All the risks taken by Serum Institute have finally paid off, tweeted Adar Poonawalla, the chief executive of the Pune-based vaccine manufacturer, shortly after the country’s drug regulator cleared its Covishield vaccine for emergency approval in India. Mr Poonawalla reiterated that the Covishield vaccine — developed by Serum Institute of India in partnership with the Oxford University and pharma major AstraZeneca – is “safe and effective” against coronavirus and added that the vaccine “is ready to roll out in the coming weeks”.
Mr Poonawalla, CEO of the Serum Institute, said to be the world’s largest vaccine maker, had earlier said the “majority of the first 50 million doses will go to India“.
Apart from Covishield, Bharat Biotech’s Covaxin has been granted permission for “restricted use”. Restricted use approval is normally granted if there is sufficient evidence to suggest the drug is both safe and effective.
“We’ll never approve anything if there is slightest of safety concern. The vaccines are 110 per cent safe. Some side effects like mild fever, pain and allergy are common for every vaccine,” Drug Controller General of India VG Somani said while granting permission to the vaccine makers for “restricted use”.
Covishield was found to be 70.42 per cent effective and Bharat Biotech’s Covaxin was “safe and provides a robust immune response”, he said.

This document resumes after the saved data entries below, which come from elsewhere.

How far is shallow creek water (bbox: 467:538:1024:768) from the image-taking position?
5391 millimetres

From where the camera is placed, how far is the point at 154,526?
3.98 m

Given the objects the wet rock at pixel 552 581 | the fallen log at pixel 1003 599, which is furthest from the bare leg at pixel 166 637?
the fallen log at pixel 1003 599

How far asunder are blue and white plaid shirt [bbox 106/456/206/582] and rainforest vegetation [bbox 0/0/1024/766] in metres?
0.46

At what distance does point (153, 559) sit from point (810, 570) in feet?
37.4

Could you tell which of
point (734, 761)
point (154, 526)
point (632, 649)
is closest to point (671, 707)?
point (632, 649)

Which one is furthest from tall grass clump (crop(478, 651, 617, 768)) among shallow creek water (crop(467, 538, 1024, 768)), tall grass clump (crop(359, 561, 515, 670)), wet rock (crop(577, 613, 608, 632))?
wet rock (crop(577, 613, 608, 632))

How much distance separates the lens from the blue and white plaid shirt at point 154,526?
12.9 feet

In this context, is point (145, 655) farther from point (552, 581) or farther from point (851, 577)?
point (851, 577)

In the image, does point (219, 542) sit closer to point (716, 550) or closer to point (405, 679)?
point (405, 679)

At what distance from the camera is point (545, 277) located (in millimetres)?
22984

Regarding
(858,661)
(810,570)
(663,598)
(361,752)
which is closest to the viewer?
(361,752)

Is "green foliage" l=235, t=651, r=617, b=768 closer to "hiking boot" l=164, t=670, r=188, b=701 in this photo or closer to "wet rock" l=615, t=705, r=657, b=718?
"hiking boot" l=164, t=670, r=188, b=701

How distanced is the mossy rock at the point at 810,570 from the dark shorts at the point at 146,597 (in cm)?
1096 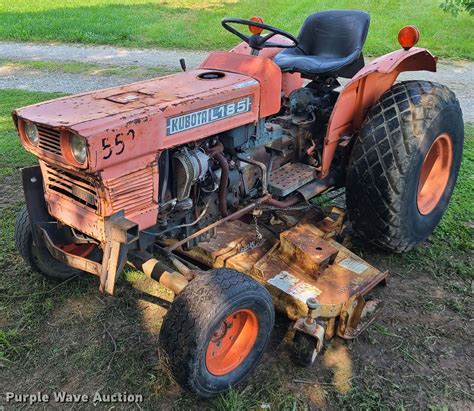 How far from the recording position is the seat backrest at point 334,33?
377cm

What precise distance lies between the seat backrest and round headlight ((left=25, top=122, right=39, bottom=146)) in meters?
2.29

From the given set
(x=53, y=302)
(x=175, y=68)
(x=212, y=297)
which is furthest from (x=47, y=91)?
(x=212, y=297)

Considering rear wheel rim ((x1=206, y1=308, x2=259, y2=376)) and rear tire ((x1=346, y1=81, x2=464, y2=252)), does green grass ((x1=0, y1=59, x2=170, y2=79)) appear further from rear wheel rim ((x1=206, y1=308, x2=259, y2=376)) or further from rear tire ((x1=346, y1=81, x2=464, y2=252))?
rear wheel rim ((x1=206, y1=308, x2=259, y2=376))

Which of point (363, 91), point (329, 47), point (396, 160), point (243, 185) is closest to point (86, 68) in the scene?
point (329, 47)

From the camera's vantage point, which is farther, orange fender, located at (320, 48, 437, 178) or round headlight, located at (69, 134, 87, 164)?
orange fender, located at (320, 48, 437, 178)

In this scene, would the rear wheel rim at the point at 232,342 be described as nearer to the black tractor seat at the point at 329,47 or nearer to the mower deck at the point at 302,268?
the mower deck at the point at 302,268

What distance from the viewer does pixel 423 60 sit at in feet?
11.5

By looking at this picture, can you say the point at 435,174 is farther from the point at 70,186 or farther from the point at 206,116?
the point at 70,186

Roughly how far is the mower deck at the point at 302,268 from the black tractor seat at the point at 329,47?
1064mm

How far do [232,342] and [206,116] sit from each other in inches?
43.2

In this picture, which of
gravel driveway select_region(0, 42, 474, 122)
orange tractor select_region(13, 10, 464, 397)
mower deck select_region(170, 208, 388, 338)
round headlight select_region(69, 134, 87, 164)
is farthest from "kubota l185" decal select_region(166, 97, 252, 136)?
gravel driveway select_region(0, 42, 474, 122)

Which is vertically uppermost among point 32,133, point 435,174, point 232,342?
point 32,133

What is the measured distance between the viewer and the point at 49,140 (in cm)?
229

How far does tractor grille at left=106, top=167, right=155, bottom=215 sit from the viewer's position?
2307mm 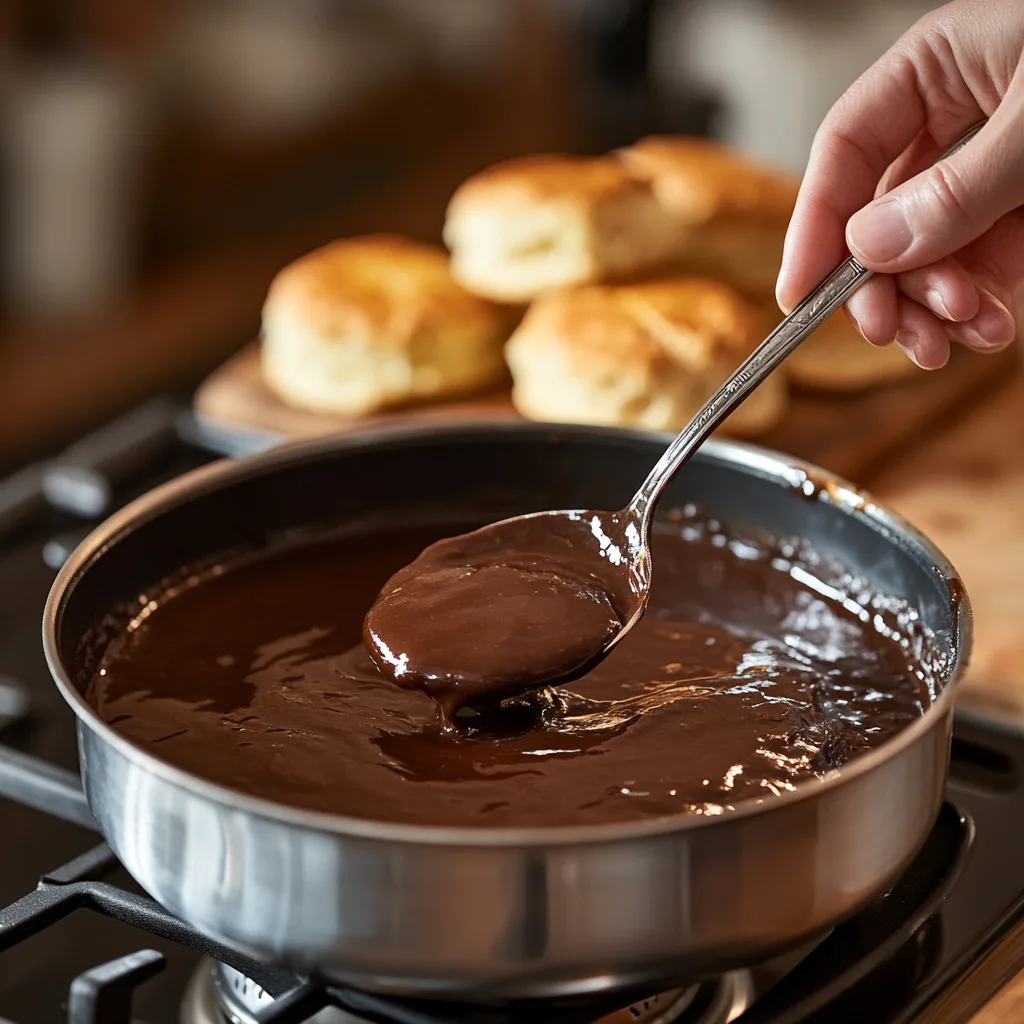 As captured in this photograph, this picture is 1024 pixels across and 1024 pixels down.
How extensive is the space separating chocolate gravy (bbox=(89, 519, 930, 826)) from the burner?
0.35 ft

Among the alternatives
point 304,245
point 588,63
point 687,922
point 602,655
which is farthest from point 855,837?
point 304,245

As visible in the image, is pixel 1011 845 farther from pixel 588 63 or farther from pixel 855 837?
pixel 588 63

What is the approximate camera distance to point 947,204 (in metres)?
0.90

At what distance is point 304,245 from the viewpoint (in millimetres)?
2660

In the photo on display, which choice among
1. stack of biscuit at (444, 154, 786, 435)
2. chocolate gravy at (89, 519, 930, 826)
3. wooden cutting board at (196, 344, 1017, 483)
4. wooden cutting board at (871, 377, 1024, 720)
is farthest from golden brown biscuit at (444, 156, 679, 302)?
chocolate gravy at (89, 519, 930, 826)

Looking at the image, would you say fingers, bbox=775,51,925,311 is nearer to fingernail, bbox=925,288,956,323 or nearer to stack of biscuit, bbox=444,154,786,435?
fingernail, bbox=925,288,956,323

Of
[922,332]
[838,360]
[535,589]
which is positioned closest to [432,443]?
[535,589]

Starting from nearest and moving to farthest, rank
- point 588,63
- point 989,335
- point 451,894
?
point 451,894 → point 989,335 → point 588,63

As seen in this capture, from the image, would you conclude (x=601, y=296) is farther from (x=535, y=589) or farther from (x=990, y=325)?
(x=535, y=589)

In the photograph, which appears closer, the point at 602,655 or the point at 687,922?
the point at 687,922

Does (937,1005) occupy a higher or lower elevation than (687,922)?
lower

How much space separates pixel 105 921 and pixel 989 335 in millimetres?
687

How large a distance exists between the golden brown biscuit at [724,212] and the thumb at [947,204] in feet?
1.95

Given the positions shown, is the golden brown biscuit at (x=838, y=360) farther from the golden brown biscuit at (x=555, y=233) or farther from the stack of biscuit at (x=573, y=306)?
the golden brown biscuit at (x=555, y=233) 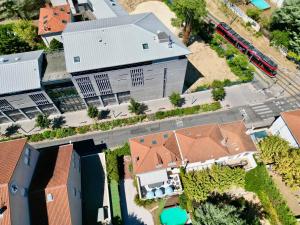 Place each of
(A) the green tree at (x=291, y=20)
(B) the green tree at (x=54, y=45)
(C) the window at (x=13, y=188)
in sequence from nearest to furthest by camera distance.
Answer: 1. (C) the window at (x=13, y=188)
2. (A) the green tree at (x=291, y=20)
3. (B) the green tree at (x=54, y=45)

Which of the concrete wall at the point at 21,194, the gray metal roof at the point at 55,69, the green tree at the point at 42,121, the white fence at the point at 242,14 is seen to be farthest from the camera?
the white fence at the point at 242,14

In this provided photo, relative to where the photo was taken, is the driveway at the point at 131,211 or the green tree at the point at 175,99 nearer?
the driveway at the point at 131,211

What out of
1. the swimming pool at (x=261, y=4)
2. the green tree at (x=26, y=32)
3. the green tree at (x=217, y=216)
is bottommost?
the green tree at (x=217, y=216)

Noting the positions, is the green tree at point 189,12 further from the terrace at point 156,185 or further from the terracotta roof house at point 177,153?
the terrace at point 156,185

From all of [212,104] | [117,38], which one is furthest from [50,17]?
[212,104]

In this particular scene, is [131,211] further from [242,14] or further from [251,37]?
[242,14]

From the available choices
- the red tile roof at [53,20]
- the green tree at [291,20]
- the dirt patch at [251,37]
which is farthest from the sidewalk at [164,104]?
the red tile roof at [53,20]

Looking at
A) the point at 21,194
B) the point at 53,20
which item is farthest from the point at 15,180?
the point at 53,20

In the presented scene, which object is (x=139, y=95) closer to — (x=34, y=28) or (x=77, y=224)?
(x=77, y=224) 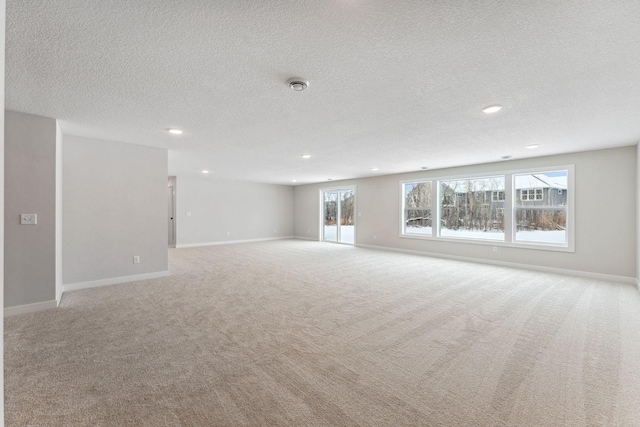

Minutes later, Prime Minister Narendra Modi tweeted to say that it would make every Indian proud that the two were “made in India”. “It would make every Indian proud that the two vaccines that have been given emergency use approval are made in India! This shows the eagerness of our scientific community to fulfil the dream of an Aatmanirbhar Bharat, at the root of which is care and compassion,” the Prime Minister tweeted.
Serum Institute of India’s Covishield was the first vaccine to be recommended for “restricted use” by the the government-appointed panel on Friday. Covaxin, the coronavirus vaccine from Hyderabad-based Bharat Biotech, was recommended a day later, on Saturday.
A third vaccine – developed by American pharma giant Pfizer – had also applied for emergency fuse authorisation and is currently being reviewed by the panel. Sources, however, have said that the company has yet to present its data before the panel.
The Pfizer vaccine has already been rolled out in the UK, the US and some other countries.
India is the world’s second most-infected nation with more than 1.03 crore cases and almost 150,000 deaths, although its rate of infection has come down significantly from a mid-September peak of more than 90,000 cases daily.
The approval is expected to kick off one of the world’s biggest vaccination drives in the coming days.
A day-long trial run of the vaccine delivery system was held on Saturday to check for potential problems once a vaccine is made available. The Health Ministry said dry runs were held in 116 districts, with nearly one lakh personnel undergoing necessary training.